Sunday, October 2, 2011

SEAsia Trip Report & Moving Forward

Shared this morning for a rushed six minutes at the 10:30am service. I intro'ed and Ali did slides outlining organizational progress and goals, and why we should and how we could concern ourselves as a church to better support our missionary in Sabah.

From EPC Missions Committee we hope that moving forward, our church can more fully enter the story in Sabah rather than just hear and tell it, so that our engagement in this trip would bear the fruit for the kingdom that the investment of resources, time, and heart made by the church in our travels should.

Grant us discernment and new hearts to invest wisely in the kingdom, not just engage in spiritual tourism.

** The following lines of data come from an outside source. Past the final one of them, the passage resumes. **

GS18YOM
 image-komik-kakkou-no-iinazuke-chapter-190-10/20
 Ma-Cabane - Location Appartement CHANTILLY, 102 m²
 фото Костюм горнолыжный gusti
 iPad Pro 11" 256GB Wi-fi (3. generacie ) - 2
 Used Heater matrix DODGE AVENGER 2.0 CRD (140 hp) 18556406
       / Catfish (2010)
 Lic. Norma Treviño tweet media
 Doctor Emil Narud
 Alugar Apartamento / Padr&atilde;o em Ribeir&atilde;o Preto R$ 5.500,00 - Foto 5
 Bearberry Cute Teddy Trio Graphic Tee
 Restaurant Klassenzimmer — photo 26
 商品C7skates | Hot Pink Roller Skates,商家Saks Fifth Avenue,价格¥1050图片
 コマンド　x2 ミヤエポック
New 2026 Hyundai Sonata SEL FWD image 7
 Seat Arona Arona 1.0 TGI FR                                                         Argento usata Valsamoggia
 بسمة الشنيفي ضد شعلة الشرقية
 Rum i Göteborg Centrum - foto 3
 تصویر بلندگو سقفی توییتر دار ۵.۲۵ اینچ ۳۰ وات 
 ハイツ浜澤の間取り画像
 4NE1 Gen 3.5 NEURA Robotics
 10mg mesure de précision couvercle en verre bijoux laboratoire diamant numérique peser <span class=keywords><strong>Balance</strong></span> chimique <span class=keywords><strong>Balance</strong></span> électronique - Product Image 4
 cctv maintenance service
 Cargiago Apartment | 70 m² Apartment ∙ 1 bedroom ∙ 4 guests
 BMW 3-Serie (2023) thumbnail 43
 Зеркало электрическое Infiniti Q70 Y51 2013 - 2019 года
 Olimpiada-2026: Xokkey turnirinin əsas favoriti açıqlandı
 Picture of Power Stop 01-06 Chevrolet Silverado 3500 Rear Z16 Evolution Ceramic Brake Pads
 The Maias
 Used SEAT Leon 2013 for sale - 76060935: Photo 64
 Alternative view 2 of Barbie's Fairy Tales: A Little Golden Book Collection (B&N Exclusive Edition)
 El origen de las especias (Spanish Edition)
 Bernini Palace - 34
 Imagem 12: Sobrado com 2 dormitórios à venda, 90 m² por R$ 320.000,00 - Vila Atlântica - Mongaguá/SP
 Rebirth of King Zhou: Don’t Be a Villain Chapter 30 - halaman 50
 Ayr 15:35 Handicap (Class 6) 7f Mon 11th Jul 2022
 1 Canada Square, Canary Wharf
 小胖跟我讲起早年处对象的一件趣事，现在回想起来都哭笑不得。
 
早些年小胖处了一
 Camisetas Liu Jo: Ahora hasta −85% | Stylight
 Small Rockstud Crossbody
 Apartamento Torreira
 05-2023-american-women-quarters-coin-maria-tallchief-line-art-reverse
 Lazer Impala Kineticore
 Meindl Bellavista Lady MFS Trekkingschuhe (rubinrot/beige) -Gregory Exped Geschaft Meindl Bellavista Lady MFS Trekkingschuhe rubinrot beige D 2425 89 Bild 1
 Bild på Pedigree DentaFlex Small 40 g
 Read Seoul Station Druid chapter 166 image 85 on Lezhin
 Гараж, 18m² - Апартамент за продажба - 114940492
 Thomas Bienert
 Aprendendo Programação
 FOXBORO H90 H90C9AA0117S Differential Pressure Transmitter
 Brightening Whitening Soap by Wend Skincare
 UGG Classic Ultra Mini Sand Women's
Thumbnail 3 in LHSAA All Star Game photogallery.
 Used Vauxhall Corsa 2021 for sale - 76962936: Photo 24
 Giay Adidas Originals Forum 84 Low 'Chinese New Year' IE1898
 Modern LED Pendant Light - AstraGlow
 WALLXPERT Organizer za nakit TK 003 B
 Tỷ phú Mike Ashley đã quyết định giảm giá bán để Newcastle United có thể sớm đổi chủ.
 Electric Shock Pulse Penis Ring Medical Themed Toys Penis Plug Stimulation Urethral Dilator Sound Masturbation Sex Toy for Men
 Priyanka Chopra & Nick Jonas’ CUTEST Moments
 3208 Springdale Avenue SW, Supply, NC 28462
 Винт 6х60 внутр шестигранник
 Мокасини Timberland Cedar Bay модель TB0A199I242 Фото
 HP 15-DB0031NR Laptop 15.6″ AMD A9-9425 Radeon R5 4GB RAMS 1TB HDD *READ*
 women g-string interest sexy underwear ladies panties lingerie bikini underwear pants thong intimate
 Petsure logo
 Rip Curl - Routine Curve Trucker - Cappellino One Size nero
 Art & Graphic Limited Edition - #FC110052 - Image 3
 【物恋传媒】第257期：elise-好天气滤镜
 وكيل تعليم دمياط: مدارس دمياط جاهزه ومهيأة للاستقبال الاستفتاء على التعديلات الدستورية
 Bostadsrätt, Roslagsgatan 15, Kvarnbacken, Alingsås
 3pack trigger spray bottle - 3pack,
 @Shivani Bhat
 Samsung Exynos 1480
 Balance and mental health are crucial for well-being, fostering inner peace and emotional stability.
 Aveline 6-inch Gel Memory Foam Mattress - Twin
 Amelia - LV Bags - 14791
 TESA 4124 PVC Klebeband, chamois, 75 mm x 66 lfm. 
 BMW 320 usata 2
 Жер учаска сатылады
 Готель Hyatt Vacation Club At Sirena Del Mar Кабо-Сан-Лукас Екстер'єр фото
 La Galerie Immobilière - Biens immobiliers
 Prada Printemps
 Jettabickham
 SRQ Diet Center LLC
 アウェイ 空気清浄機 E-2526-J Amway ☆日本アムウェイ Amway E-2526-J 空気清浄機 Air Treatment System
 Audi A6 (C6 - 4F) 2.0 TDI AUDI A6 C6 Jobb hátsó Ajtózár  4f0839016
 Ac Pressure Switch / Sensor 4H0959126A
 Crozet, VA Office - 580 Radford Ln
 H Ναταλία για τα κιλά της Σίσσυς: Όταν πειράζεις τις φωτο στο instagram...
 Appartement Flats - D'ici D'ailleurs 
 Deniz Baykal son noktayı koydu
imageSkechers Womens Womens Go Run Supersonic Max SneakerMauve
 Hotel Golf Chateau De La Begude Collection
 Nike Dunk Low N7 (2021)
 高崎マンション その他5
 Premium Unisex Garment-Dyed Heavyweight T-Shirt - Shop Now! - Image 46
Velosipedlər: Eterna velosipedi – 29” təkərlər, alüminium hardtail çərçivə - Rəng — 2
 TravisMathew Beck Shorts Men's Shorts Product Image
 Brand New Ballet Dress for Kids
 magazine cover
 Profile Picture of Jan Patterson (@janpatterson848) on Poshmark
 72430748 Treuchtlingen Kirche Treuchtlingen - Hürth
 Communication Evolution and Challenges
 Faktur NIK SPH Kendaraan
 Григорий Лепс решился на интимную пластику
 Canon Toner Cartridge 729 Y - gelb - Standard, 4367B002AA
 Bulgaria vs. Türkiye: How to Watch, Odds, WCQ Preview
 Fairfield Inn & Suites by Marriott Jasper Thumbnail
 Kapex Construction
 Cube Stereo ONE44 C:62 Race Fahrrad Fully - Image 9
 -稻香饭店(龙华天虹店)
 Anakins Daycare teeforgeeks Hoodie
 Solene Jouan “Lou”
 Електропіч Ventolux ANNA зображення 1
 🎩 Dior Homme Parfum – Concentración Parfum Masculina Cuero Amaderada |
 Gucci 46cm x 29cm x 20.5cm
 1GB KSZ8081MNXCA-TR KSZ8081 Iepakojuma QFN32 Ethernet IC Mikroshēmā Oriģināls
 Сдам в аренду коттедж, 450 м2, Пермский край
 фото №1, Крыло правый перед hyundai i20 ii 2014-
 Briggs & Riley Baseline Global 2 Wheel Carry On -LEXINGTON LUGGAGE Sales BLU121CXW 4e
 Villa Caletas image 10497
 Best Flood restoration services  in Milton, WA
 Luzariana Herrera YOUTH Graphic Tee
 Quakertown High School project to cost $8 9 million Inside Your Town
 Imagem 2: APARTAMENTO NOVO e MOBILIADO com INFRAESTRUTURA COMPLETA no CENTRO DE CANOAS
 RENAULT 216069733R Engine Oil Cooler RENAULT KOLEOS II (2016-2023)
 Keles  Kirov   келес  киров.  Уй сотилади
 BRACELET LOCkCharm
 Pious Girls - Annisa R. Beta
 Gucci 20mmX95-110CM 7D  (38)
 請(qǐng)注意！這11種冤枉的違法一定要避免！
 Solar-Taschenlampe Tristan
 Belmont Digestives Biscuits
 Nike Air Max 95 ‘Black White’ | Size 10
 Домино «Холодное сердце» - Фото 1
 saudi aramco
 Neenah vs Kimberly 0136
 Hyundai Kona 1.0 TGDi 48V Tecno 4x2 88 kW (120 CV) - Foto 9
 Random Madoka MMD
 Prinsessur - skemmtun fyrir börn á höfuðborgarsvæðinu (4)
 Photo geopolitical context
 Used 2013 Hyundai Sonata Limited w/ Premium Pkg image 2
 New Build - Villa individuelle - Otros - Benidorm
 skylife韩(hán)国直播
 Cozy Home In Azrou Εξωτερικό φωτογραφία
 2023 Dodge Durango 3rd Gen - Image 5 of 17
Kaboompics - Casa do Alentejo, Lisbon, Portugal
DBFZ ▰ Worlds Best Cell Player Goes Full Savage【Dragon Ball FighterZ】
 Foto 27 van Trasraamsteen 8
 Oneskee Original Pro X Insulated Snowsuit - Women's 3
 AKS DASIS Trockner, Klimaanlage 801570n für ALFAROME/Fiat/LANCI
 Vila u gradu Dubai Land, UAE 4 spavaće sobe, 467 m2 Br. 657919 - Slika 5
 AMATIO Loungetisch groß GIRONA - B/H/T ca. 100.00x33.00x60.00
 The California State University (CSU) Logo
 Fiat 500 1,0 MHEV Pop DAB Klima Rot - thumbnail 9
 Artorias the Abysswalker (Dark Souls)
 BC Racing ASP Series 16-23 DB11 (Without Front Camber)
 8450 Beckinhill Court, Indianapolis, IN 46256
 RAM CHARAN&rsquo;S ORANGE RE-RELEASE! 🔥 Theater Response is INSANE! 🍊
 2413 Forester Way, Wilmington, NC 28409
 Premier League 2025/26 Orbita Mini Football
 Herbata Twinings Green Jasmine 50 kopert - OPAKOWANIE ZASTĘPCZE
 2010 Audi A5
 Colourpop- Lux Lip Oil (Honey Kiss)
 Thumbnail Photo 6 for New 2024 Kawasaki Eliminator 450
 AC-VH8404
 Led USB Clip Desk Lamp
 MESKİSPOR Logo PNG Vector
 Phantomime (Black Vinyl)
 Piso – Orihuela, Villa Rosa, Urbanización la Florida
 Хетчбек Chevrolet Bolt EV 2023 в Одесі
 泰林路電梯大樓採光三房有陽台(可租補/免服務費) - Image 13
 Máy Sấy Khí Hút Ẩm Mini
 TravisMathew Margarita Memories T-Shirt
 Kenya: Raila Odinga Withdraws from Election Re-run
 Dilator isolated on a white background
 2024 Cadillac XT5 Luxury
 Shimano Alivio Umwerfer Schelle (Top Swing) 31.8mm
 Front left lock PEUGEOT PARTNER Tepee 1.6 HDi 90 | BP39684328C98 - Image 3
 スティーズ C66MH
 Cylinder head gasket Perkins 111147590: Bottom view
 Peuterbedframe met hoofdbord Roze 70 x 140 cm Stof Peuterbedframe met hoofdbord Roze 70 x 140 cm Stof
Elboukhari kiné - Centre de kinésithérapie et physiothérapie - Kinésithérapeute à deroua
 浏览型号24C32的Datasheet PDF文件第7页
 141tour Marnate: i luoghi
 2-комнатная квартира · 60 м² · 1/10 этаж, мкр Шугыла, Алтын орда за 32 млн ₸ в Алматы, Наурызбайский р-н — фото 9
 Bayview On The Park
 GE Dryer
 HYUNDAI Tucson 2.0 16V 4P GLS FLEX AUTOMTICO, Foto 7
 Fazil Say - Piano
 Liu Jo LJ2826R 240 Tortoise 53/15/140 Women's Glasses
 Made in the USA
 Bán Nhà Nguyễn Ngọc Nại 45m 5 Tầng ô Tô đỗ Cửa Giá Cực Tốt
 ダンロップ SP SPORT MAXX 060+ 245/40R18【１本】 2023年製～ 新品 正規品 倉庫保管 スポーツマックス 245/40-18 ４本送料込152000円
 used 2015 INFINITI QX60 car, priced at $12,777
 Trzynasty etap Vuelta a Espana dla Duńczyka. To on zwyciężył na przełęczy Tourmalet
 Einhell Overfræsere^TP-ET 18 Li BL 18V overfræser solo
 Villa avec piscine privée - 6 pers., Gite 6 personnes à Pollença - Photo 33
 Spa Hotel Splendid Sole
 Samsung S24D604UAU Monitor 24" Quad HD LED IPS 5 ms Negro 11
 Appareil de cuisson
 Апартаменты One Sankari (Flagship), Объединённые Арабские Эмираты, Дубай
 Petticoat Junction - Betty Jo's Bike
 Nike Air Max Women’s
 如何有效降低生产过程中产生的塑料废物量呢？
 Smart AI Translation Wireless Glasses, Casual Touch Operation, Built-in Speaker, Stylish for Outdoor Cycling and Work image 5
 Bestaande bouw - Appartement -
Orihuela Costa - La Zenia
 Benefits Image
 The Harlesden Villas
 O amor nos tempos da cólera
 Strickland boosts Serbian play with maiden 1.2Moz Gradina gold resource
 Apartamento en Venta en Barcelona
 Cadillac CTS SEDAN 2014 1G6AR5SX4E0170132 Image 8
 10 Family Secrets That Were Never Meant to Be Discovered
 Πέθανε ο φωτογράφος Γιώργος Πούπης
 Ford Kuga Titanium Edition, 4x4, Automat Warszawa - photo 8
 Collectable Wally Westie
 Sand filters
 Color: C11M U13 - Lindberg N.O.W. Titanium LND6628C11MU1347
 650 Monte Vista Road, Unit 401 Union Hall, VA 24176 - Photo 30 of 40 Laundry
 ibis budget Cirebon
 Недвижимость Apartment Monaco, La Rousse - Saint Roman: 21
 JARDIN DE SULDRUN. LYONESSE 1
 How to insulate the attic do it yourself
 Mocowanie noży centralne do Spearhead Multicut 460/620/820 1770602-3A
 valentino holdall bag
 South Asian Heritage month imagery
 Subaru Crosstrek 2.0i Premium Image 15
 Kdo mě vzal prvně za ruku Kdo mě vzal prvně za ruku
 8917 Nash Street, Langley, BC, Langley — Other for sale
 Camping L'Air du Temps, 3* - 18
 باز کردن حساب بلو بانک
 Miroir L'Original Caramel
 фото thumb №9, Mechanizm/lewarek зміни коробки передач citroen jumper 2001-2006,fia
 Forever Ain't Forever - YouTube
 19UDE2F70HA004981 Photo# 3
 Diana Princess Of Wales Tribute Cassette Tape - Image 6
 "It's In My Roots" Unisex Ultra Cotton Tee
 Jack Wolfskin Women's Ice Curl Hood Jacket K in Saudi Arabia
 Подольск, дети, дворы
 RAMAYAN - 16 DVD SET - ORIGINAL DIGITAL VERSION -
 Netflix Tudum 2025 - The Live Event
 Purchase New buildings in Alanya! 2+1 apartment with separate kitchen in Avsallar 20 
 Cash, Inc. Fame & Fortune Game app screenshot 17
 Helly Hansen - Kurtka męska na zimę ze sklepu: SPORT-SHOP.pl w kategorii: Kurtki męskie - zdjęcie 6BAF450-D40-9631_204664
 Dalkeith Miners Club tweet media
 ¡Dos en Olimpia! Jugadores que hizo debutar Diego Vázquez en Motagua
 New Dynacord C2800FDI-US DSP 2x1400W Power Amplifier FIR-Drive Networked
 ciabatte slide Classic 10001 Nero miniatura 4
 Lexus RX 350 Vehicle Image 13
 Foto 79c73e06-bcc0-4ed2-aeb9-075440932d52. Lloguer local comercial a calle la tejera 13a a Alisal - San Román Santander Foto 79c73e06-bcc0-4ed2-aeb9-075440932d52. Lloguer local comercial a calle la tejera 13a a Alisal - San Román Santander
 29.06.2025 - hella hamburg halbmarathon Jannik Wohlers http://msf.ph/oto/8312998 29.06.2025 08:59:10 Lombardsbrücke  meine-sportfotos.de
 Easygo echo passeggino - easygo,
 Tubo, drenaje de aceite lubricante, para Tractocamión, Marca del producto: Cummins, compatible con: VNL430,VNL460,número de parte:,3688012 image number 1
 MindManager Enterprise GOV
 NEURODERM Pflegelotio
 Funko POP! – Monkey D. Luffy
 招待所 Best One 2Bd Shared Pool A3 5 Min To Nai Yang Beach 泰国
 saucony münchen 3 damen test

Having walked as Christians in NYC for some time we've accepted the responsibility, privilege, and enterprise of loving our city; Jeremiah 29:7 even reminds us from the cover of our Sunday worship bulletins. Perhaps it is the daunting size of the task (or is it really the size of our hearts??) that causes us to narrow our definition of city limits––draw boundaries on whose welfare we will seek. So I was challenged by Nehemiah's compassion and initiative when invited to Southeast Asia this past summer.
In the first verses of Nehemiah 2, the king observes that Nehemiah was sad. Why on earth should the cupbearer to the king, who himself lived in comfortable quarters and was so secure in his government job, be so heavy-hearted? The king was perplexed. Nehemiah responded to him, "How should my face not be sad, when the city... lies in ruins...?" His heart was burdened for the plight of a far away city. He was aware and informed. He was not indifferent. Ali will challenge us in a bit to begin living out our calling as world Christians by identifying personally and corporately with a situation far away, so that when the King asks, "What are you requesting?" to us as he did to Nehemiah, we would pray to God and perhaps ask for the nations. Perhaps we would ask for Sabah, East Malaysia, the old British Borneo. 
During my time abroad I was struck by how remarkably un-foreign the slums of Sabah were. Poverty there looks remarkably similar to poverty in South Bronx or Morningside or uptown in Washington Heights. And poverty in Malaysia looks the same as it does in each of our hearts. Living in filth and helpless to cleanse ourselves of it, maybe not even knowing how poor our health and quality of life really is... When I look at refugees, drug addicts, prisoners, children, widows, the least of these, illegal immigrants, aliens.... Homeless, stateless, people, do I see that I am looking in a mirror? 
So with what wealth did I go, to acquaint with and address the poverty there? What abundance compelled me? What resource enabled me? My gold grew dim.
  • Not financial wealth, although a dollar is more than most of these people live on per day––but really, not monetary wealth, I'm as well-off as any college student. 
  • Not linguistic capital, although I am a native speaker of the English language of global currency they are trying to teach to the schoolchildren. 
  • Not hygienic wealth, for I was not safe from their drinking water or germy children's open sores or from their bathrooms and mosquitos. 
  • Not evangelistic credibility, for I have not suffered as they, and historically my people have exploited their people, even in the name of my God. 
  • Not ethnic, although for once, in Southeast Asia, as an East Asian and an American, I represented on every front, the privilege and access that belongs to the power elite, the imperialists, the colonizers––as opposed to the inculpable middle class minority I represent here in the States.
  • Not political, although I hold a passport that means I need not live in constant fear as they do of police raids and deportation, that I wasn't a vulnerable alien in a foreign land, not unlike the Israelites were as strangers in Egypt.
  • Not any worldly wealth or statistical advantage, economic or social or otherwise.
For all these indexes are still merely a response to a ratio of income, a guilty and unsustainable comparison of status in society, as opposed to a response to the character and call of our self-emptying Lord. 
With the new hearts he gives us and the renewal he keeps working in us, we can care and be concerned, as confidently as we have been commissioned. And we can give, as freely as we have received. 
Dear Church, what global world missions and EPC's missions endeavors require of us first is not our pocket change, but our heart-change.